___ Exercise data
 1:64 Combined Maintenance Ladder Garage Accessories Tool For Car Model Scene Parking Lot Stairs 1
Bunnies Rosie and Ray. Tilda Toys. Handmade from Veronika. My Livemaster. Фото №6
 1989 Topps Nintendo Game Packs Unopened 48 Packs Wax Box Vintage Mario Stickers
______
___ Exercise data
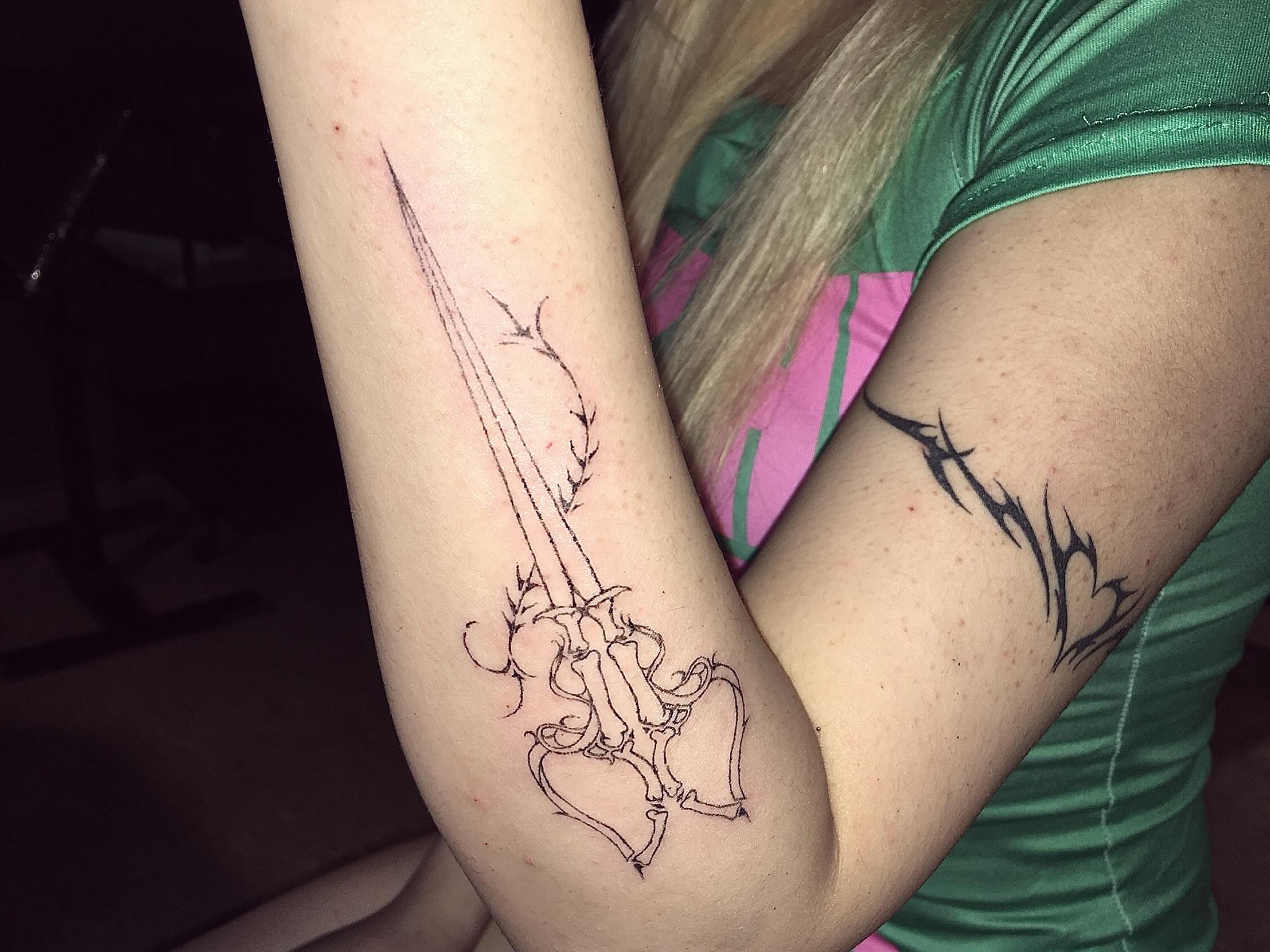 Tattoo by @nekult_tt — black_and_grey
______
Try it -
Starting at the line with "Bunnies Rosie and" and ending at the line with "1989 Topps Nintendo", print each line of the listing above exactly, with no other lines.

Expected answer -
Bunnies Rosie and Ray. Tilda Toys. Handmade from Veronika. My Livemaster. Фото №6
 1989 Topps Nintendo Game Packs Unopened 48 Packs Wax Box Vintage Mario Stickers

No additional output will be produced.